Further, says Walsh, HUD now gives incentives to housing authorities to reduce "per unit costs." It is, naturally enough, more costly to serve the most needy. By emphasizing "per unit costs" over, for example, the number of very low-income households served, HUD is telling housing authorities to serve higher-income families. It's a practice known as "creaming," placing the easier-to-serve -- the cream -- above those whom the program is primarily designed to assist.

Finally, for next year, HUD has proposed that program guidelines be rewritten to allow housing authorities to serve higher-income people (formalizing the "per unit cost" incentives currently in place) and, most significantly, transforming the program into a "block grant." Under the block grant, Section 8 money would flow first to the states and then to local housing authorities, a recipe for further cuts and more creaming, say housing advocates.

Catholic Charities USA and a host of other anti-poverty and low income housing groups are lobbying Congress to force HUD to withdraw the new formula and replace it with the system that existed as recently as 2003. And they're working to forestall some of the worst aspect of the changes proposed for next year. A House Appropriations Subcommittee could vote on the issues as early as next week.

*****

Speaking of housing cuts, the McAuley Institute is closing its doors Aug. 1.

In its 20 years of existence the Silver Spring, Maryland-based Mercy Sisters program helped create 20,000 affordable housing units in 49 states and the District of Columbia thorough its lending and technical assistance programs.

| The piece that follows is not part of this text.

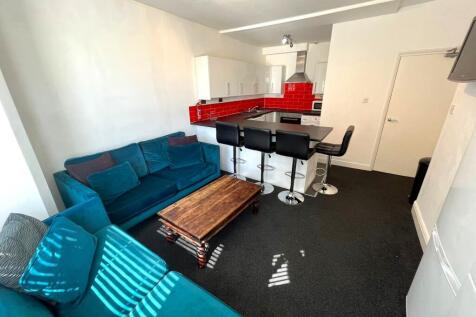 A bright and inviting large modern living room ...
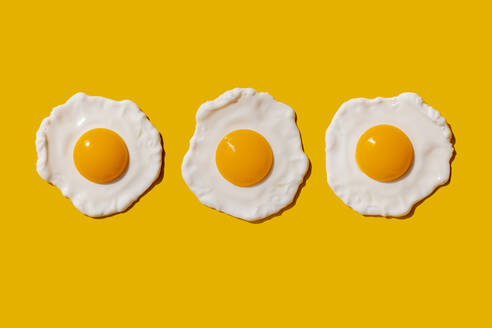 Studio shot of three fried eggs - GEMF04150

The decision to close, said a McAuley statement, was made "based on the uncertainty of securing long-term support to maintain McAuley as a national institution with a broad reach and multiple programs."

*****

In a July 9 letter to Washington Cardinal Theodore McCarrick, Cardinal Joseph Ratzinger, head of the Vatican's Congregation for the Doctrine of the Faith, put to rest speculation that his views were misrepresented or that the U.S. bishops acted contrary to Vatican wishes in their recent statement on Catholics in political life. (Washington Notebook, July 7).

"The statement is very much in harmony with the general principles [of] 'Worthiness to Receive Holy Communion,' sent as a fraternal service -- to clarify the doctrine of the Church on this specific issue - in order to assist the American bishops in their related discussion and determinations," wrote Ratzinger.

The U.S. bishops' statement said that it was the responsibility of each bishop to decide in his own diocese how to respond to Catholic pro-choice politicians, including whether or not they should be denied communion. The 183-6 vote in favor of the statement made clear, however, that the vast majority of bishops do not favor withholding communion from pro-choice Catholic politicians.

*****

How much do the U.S. Bishops support a constitutional amendment to ban gay marriage? President Bush raised that question, at least implicitly, during meetings with Vatican officials last month.

The answer: they care enough to have the bishops' conference general secretary, Msgr. William Fay, attend two press conferences in as many days with leading supporters of the proposed amendment.

"The failure to protect marriage at this important moment in our history will have devastating consequences for our society and our nation," Fay told a July 12 Capitol Hill press conference. He was joined there by Alliance for Marriage president Matt Daniels, Congress of Racial Equality chairman Roy Innis, and Walter Fauntroy, former D.C. delegate to Congress.

On July 13, Fay joined with Baptists, an Orthodox Jewish rabbi, and a Presbyterian minister to repeat the same message. "More than two-thirds of the state legislatures have enacted measures to protect marriage, but marriage remains unprotected," said Fay. "Because Americans want that protection, there is every reason to believe that the amendment before the Senate today will be well-received and ranked by them as important as were the amendments introduced in the 19th and 20th centuries to protect the citizenship and voting rights of every man or woman born or naturalized in the United States."

The amendment fell far short of the two-thirds vote needed for Senate passage.